Rewilding our Remains

Gifting our bodies back to the place where we began.

Perhaps we can think of this moment in human history as a soulful opportunity to overcome our fears and learn to sit more comfortably with death; to adopt a slow-funeral approach where we take time out of our busy lives, get soil under the fingernails literally and metaphorically, feel the rain and the breeze on our cheeks as we mourn together with others we love.

The most eco-friendly place to have a funeral is in a field, woodland or other wild setting, to allow nature to do what she is renowned for; a soil-to-soil system of recycling the nutrients held within our bodies.

There is nothing to hide or make mysterious if children are encouraged to engage in the funeral process.

In the 2024 series of Springwatch, there is a speeded up film of a dead squirrel (search link below) showing how it is recycled back to earth. A wonderful natural process to watch. No plastic lined coffin or fossil-fuelled fire, no embalming, big-tech or pollution. Just the myriad of creatures in the bed of the forest that gathered and waltzed their way through the corpse, transforming the squirrel into soil, ready to nourish the surrounding trees and vegetation.

When my mother, Primrose, died in 2010 I asked my a friend if I could bury her in his field on Dartmoor, close to my home. He said yes, and the burial was registered with the local authority, as required. Over the years, several more burials happened, and I mused on the feeling that Mum would have enjoyed making friends with these people beneath the grass.

Without planning permission, the number of burials in any given holding, is vaguely restricted to one or two with no mention of the size of the holding. We formed a small core group to explore the process of making this an official natural burial site for the local community, and in 2025 we finally achieved this, the first natural burial site within the Dartmoor National Park boundary.

In the early1990s the visionary manager of Carlisle Cemetery, Ken West, established a nature friendly approach to burial. New graves would be shallower (allowing the richer top soil to break down the body more efficiently), plastic free coffins, no embalming or headstones. Shroud burial was encouraged, firstly because there is better contact with the soil which enhances biological decomposition and secondly because of the reduction of use of wood with all elements 100% natural to allow for total breakdown. This was accompanied by a more regenerative management of the land, reducing mowing and encouraging wild flowers, insects and other wildlife.

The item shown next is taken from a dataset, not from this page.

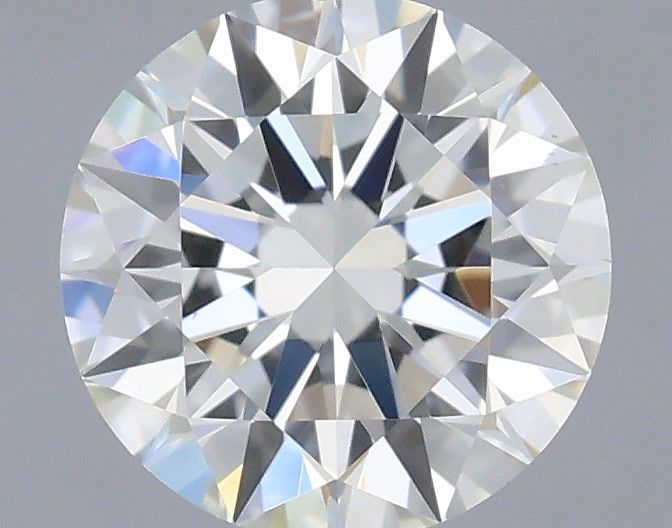 Diamond Natural 0,5Ct H-VS1 Round - IGI771613296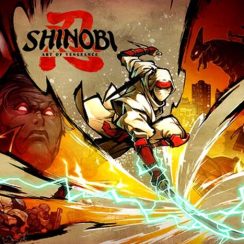 SHINOBI: Art of Vengeance + DLC Villains Stage NSP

It was the birth of the natural burial ground (NBG) movement and there are now well over 300 NBG’s in the UK and numbers are increasing. The UK has become the envy of many countries that have more severe restrictions on burial. You may be reading this living in an urban setting where land is too precious to think about burying bodies, but although there are issues of affordability and availability of natural burial sites, the city of Carlisle has shown this is possible.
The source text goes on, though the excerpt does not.